Recognizing the diversity of big data analytic jobs, cloud providers offer a wide range of virtual machine (VM) instances or even clusters to cater for different use cases. The choice of cloud instance configurations can have a significant impact on the response time and running cost of data-intensive, production batch-jobs, which need to be re-run regularly using cloud-scale resources. However, identifying the best cloud configuration with a low search cost is quite challenging due to i) the large and high-dimensional configuration-parameters space, ii) the dynamically varying price of some instance types (e.g. spot-price ones), iii) job execution-time variation even given the same configuration, and iv) gradual drifts / unexpected changes of the characteristics of a recurring job. To tackle these challenges, we have designed and implemented Accordia, a system that enables Adaptive Cloud Configuration Optimization for Recurring Data-Intensive Applications. By leveraging recent algorithmic advances in Gaussian Process UCB (Upper Confidence Bound) techniques, the design of Accordia can handle time-varying instance pricing while providing a performance guarantee of sub-linearly increasing regret when comparing with the static, offline optimal solution. Using extensive trace-driven simulations and empirical measurements of our Kubernetes-based implementation, we demonstrate that Accordia can dynamically learn a near-cost-optimal cloud configuration (i.e. within 10% of the optimum) after fewer than 20 runs from over 7000 candidate choices within a 5-dimension search space, which translates to a 2X-speedup and a 20.9% cost-savings, when comparing to CherryPick.

Online Documentation

The full technical report is available at http://mobitec.ie.cuhk.edu.hk/cloudComputing/Accordia.pdf .

Prerequisites

We build Accordia system for Spark applications on top of Kubernetes in Google Cloud. Following is the prerequisites for Accordia system.

Ubuntu 16.04
Java JDK 1.8
gcloud, gsutil
Kubernetes 1.8 or above
Spark 2.3.0 or above

Setup

If you want to run the benchmarking Spark applications (i.e. SparkPi, PageRank and WordCount) of this repository, please use the following guide for setup and usage:

Install sbt We use sbt to compile Spark Scala program. You can use following command lines to install sbt.
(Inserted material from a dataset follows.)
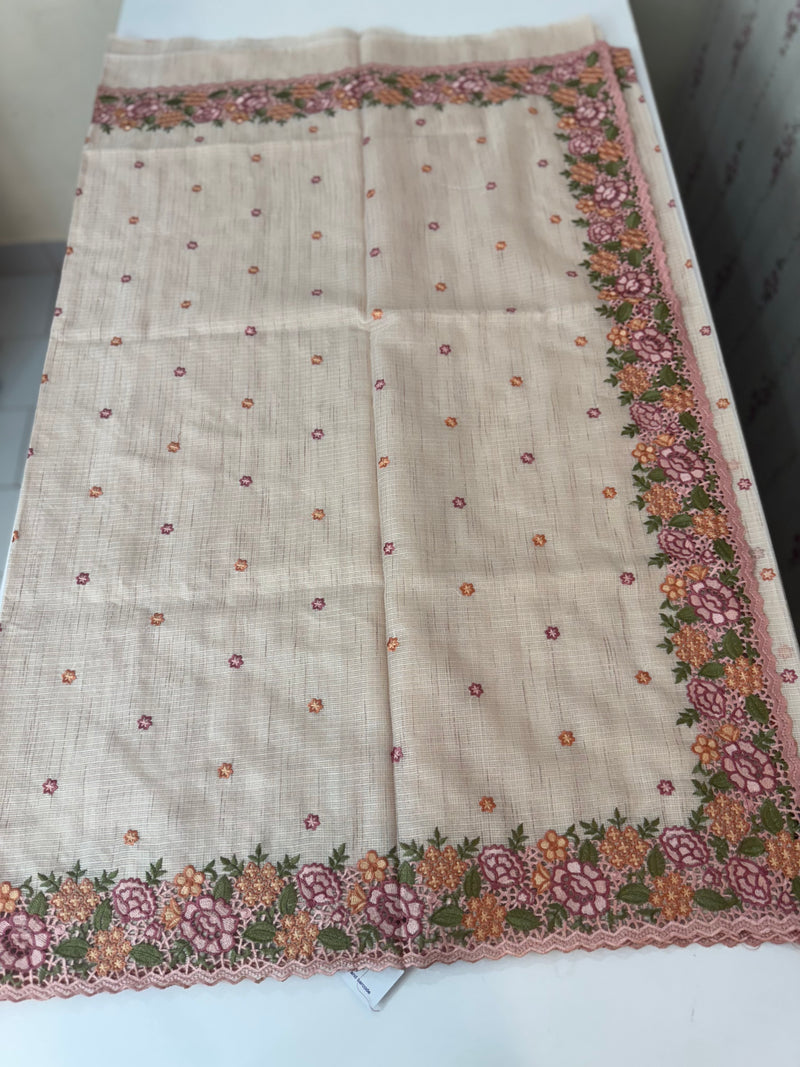 Embriodery Kota Silk Cutwork saree SBLCYTM - Pastel PeachPink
echo "deb https://dl.bintray.com/sbt/debian /" | sudo tee -a /etc/apt/sources.list.d/sbt/list
sudo apt-key adv --keyserver hkp://keyserver.ubuntu.com:80 --recv 2EE0EA64E40A89B84B2DF73499E82A75642AC823
sudo apt-get update
sudo apt-get install sbt

Use sbt to compile Spark Scala program Following is the example to use sbt compiling Spark PageRank program.

mkdir ./pagerank
mkdir -p ./pagerank/src/main/scala     
vim ./pagerank/src/main/scala/SparkPageRank.scala
vim ./pagerank/simple.sbt
cd pagerank
find .
sbt package

Build Spark Docker Image Spark 2.3.0 provides an docker template in the file spark/kubernetes/dockerfilrs/spark/Dockerfile and provides tools to build spark docker images in the file spark/bin/docker-image-tool.sh . Following is the example to build Spark PageRank docker.
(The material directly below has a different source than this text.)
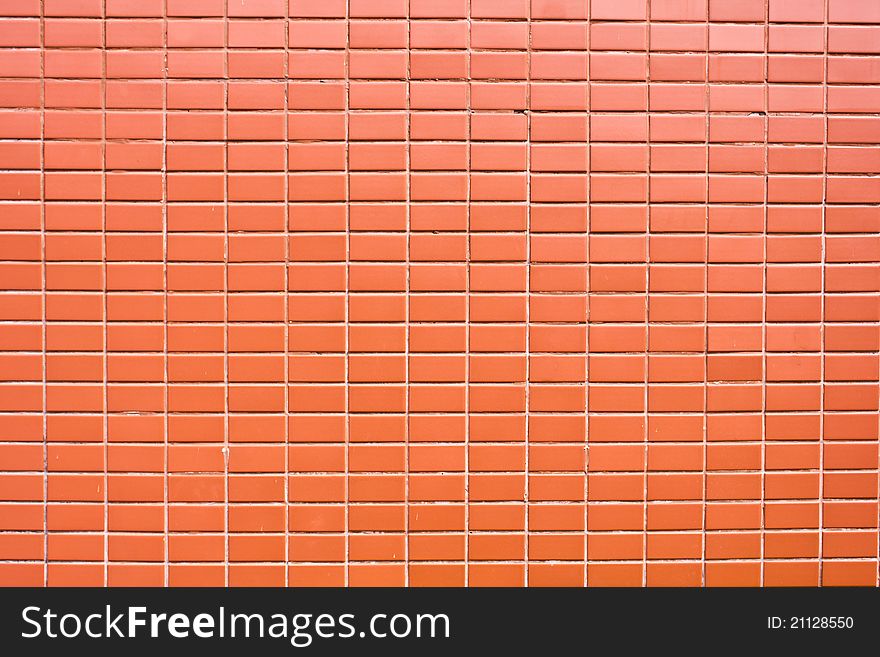 Orange brick wall suitable for texture or background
\\Add following lines in Dockerfile to specify Pagerank program and Pagerank Data
COPY pagerank /opt/spark/pagerank
COPY data /opt/spark/data
\\Submit PageRank docker image in Google Container Registry
sudo bin/docker-image-tool.sh -r gcr.io/[google_container_registry_name] -t [my_tag] build
sudo bin/docker-image-tool.sh -r gcr.io/[google_container_registry_name] -t [my_tag] push
\\Public Pagerank docker image
gsutil iam ch allUsers:objectViewer gs://artififacts.[google_container_registry_name].appspot.com

Kubernetes RBAC In Kubernetes clusters with RBAC enabled, users can configure Kubernetes RBAC roles and service accounts used by the various Spark on Kubernetes components to access the Kubernetes API server.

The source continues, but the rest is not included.